Atualmente, quais são os grandes desafios do segmento? Quais as principais diferenças para aqueles do passado?
Os grandes desafios de hoje são desenvolver processos que não prejudiquem tanto o meio ambiente e a saúde. Em alguns processos do passado, a gente usava dínamos de corrente contínua, em vez de retificadores, que até cobriam melhor as peças que precisavam ser cromadas. Hoje em dia existem retificadores eletrônicos, com e sem corrente pulsante de onda quadrada, que tem suas vantagens.

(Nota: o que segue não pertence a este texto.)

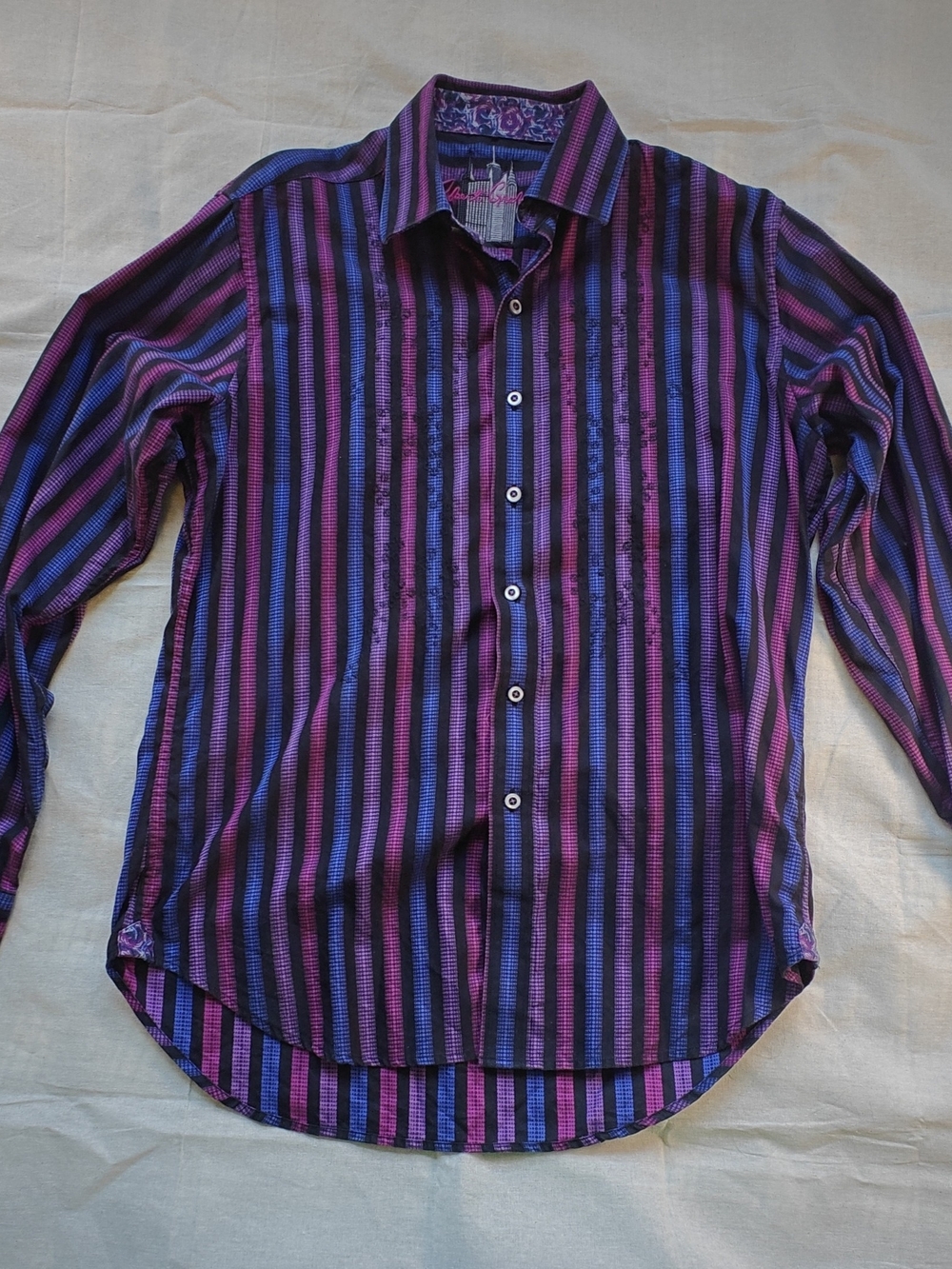 Robert Graham Purple & Blue Striped Button-Down Shirt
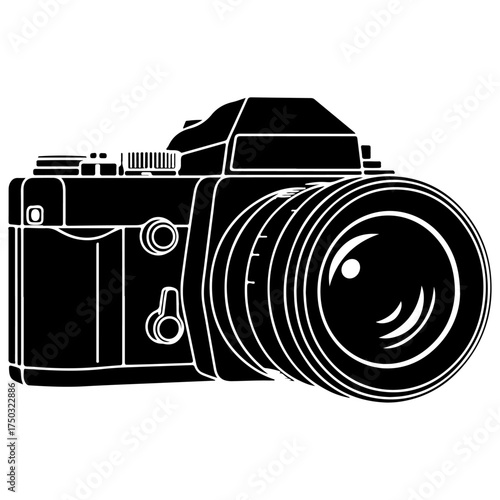 Digital SLR Equipment Graphic for Studio Branding, Modern Cameraman Tool or Image Capture Device, project representing professional image capture, technology, and the art of taking a photo.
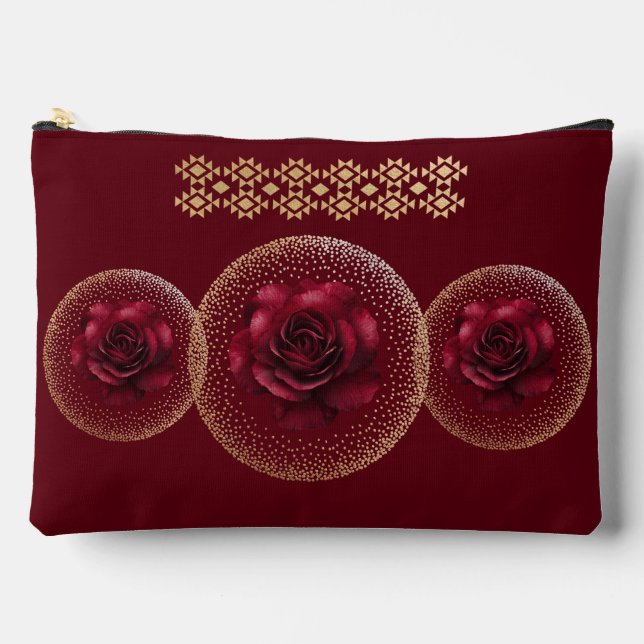 Gothic Red Rose & Gold Personalised  Accessory Pouch (Front)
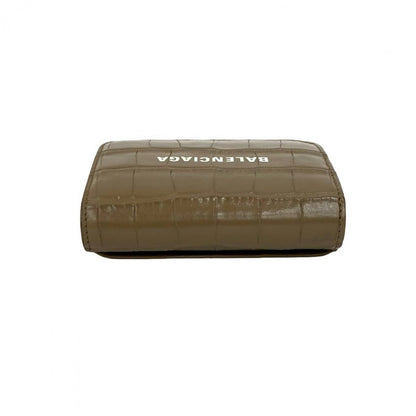 Balenciaga Tri-Fold Wallet Leather Beige Balenciaga Logo Embossed Women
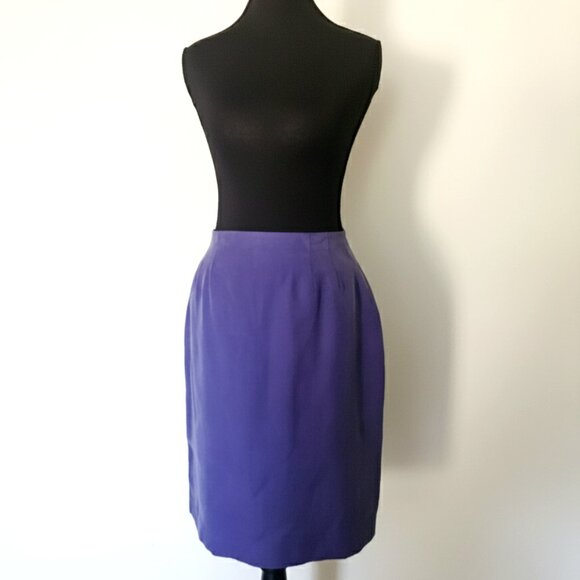 Violet Purple High Waist Silk Skirt - Size 4 - Picture 3 of 3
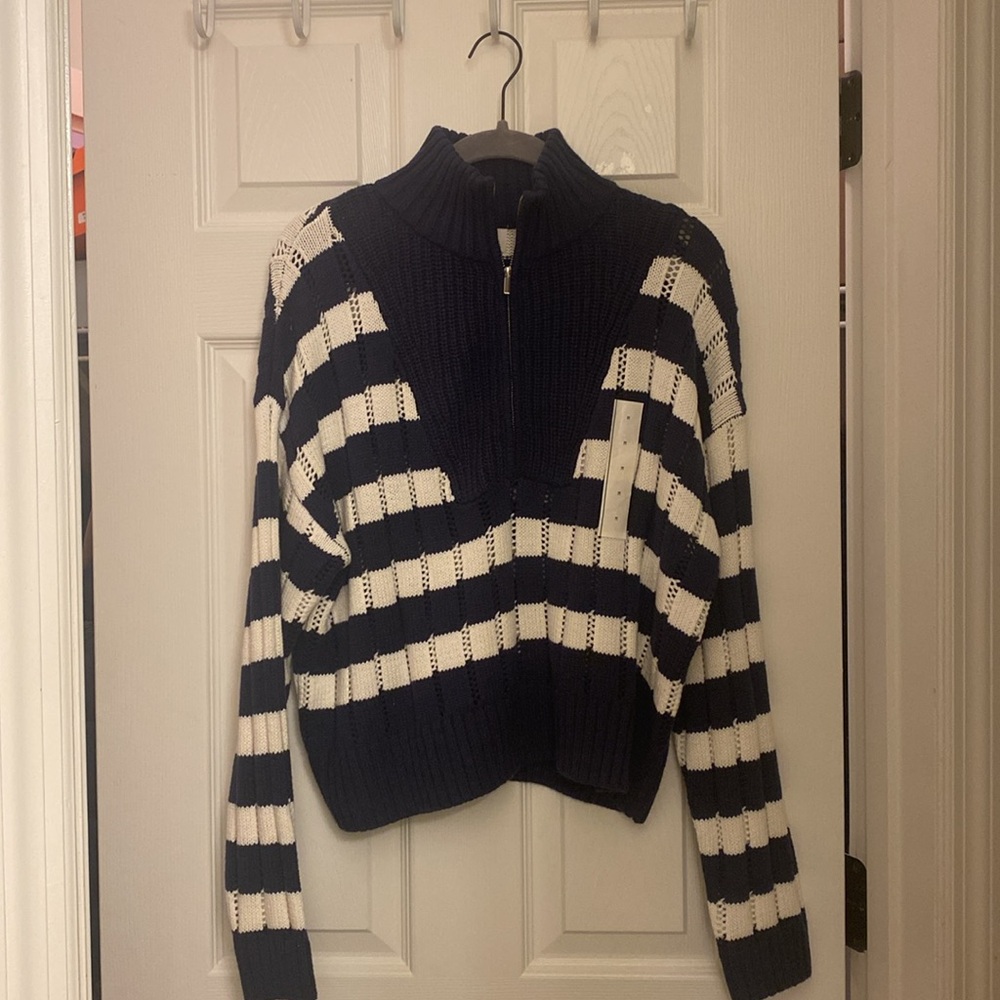 NWOT a new day Navy and Cream Striped Sweater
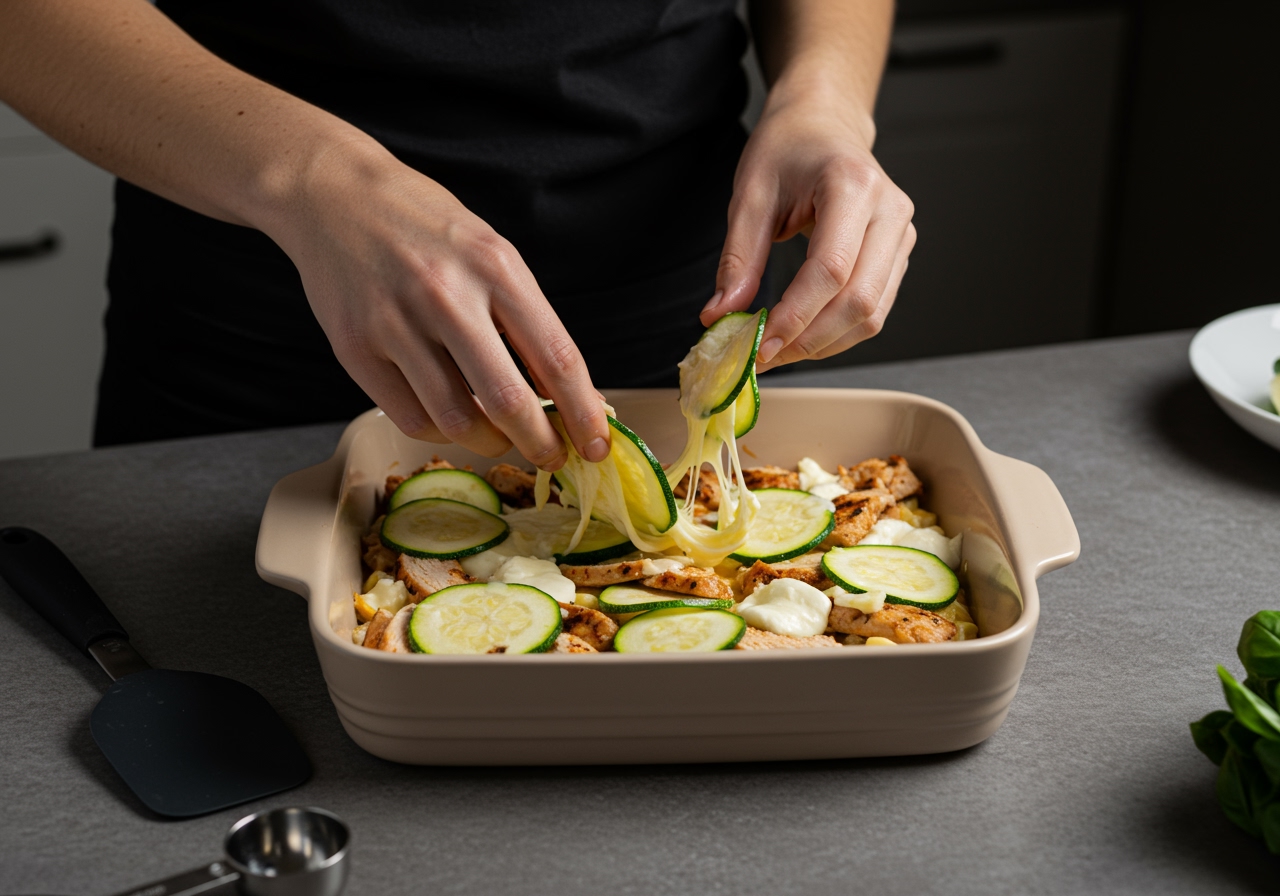 A person assembling the casserole in a baking dish, layering zucchini, chicken, and cheese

O Sr. fez faculdade na Alemanha, um país notório pelo investimento em educação, tecnologia, engenharia e inovação. Quais foram os principais aprendizados aplicados no Brasil? O Sr. acredita que estamos muitos distantes de alcançar a excelência europeia (sobretudo a alemã) em nossas indústrias? Onde podemos melhorar?
Na Alemanha tem muitas restrições a uso indiscriminado de processos químicos, que no Brasil ainda são tolerados, mas que, aos poucos, vão também sendo aplicadas aqui no Brasil devido à globalização. Podemos melhorar usando cromo duro trivalente, deposição em plásticos sem o uso de condicionadores de ácido crômico, e outros produtos químicos que agridam menos o ambiente.

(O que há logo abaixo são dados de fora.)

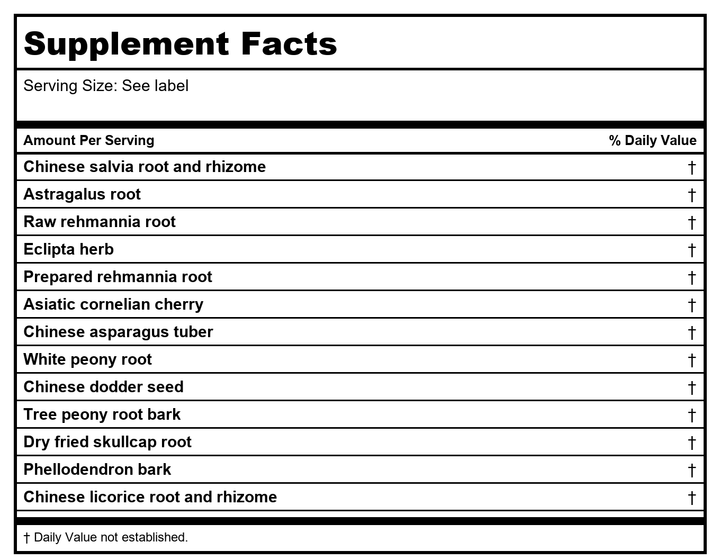Kan Jade Woman Herbals Jade Moon Cool 60 Tablets - Supplement Facts panel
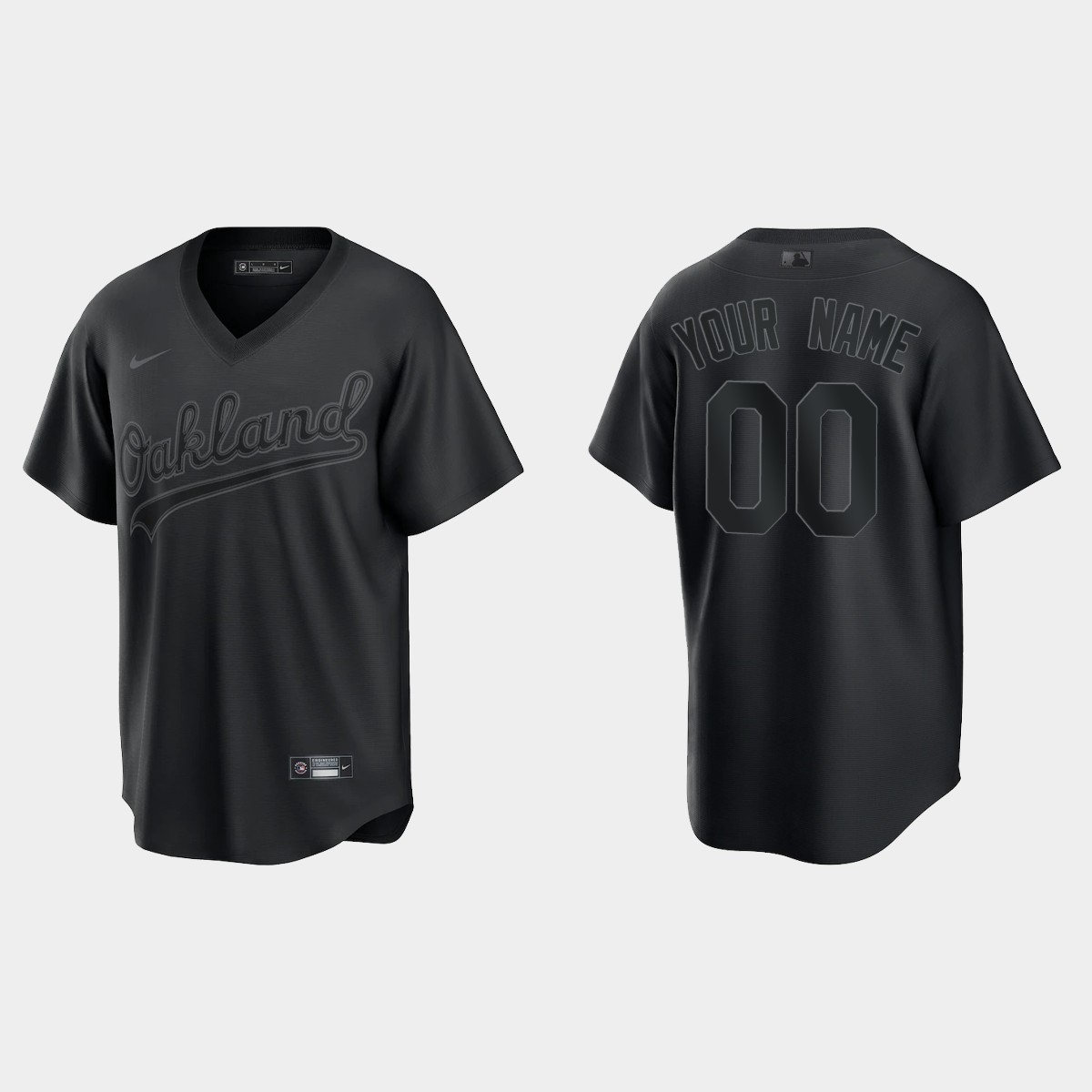 Custom Oakland Athletics Pitch Black Fashion Jersey – Black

Quais foram as grandes revoluções na indústria vivenciada por você?
Quando comecei a trabalhar na SETECOBEL, nos anos de 1960, não havia abrilhantadores e niveladores nos banhos de cobre ácido. A gente usava um abrilhantamento mecânico, usando uma pedra de ágata, que era aplicada em cima da superfície em um movimento de vai e vem. Alguns anos depois, apareceu o primeiro abrilhantador que se chamava Ubac. Hoje em dia eu mesmo os formulo.
Com tantos anos de experiência, qual o grande aprendizado na indústria?

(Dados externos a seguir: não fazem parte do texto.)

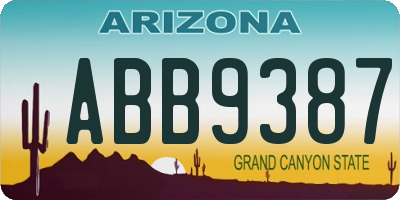 AZ license plate ABB9387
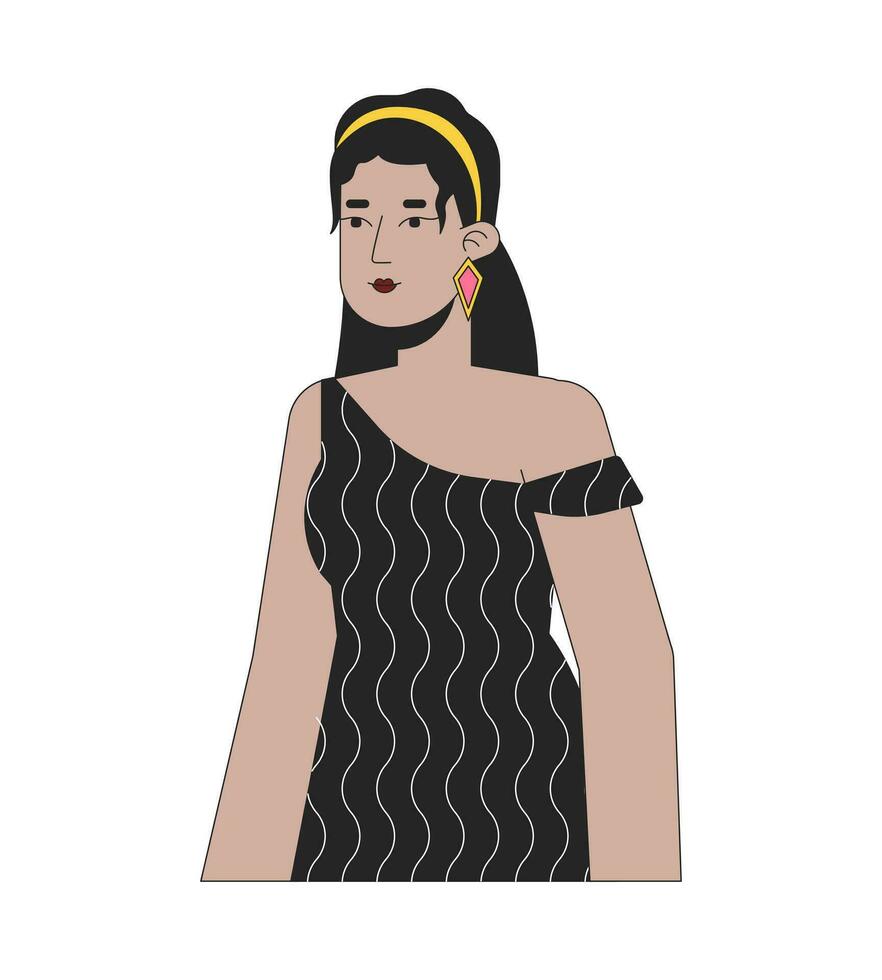 hermoso Hispano dama en 70s inspirado ropa 2d lineal dibujos animados personaje. elegante latina mujer posando aislado línea vector persona blanco antecedentes. relajado en pie color plano Mancha ilustración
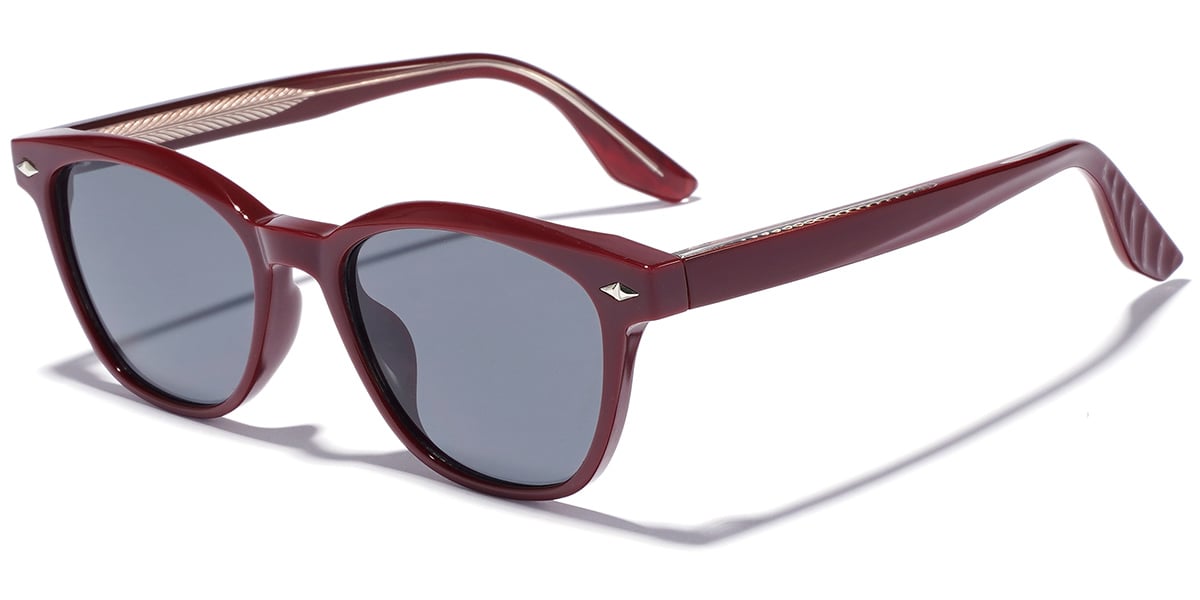 Rectangle Sunglasses wine_red+dark_grey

A vida é um eterno aprender a aprender fazendo! Nem sempre o que fazemos no laboratório se reproduz fielmente na escala de produção industrial.
Como vê o futuro da indústria de Tratamento de Superfície no Brasil? Qual a grande tendência do setor hoje?
Diminuiu muito a quantidade de firmas em funcionamento nas duas últimas décadas e as que continuam funcionando usam tecnologias avançadas. Também aconteceu a fusão de grandes fabricantes de processo no mundo, o que refletiu por aqui; a gente percebe que faltam profissionais experientes em muitas empresas, tanto na produção quanto para controle do processo, e os vendedores experientes já não têm muito tempo para dar assistência técnica – hoje, sair para atender um cliente tem um custo alto. Comparativamente entre o Brasil e Europa, as firmas europeias e americanas têm muito mais pessoal técnico para controlar corretamente a produção, enquanto que, no Brasil, os clientes em geral esperam que essa assistência seja dada pela empresa que vende os processos.
Para finalizarmos, qual a principal dica você pode dar para o executivo industrial no Brasil?
A dica que dou é ter um bom profissional, com bastante prática, para comandar as operações, e usar processos menos prejudiciais ao meio ambiente, para evitar usar equipamentos antipoluentes, de valor elevado.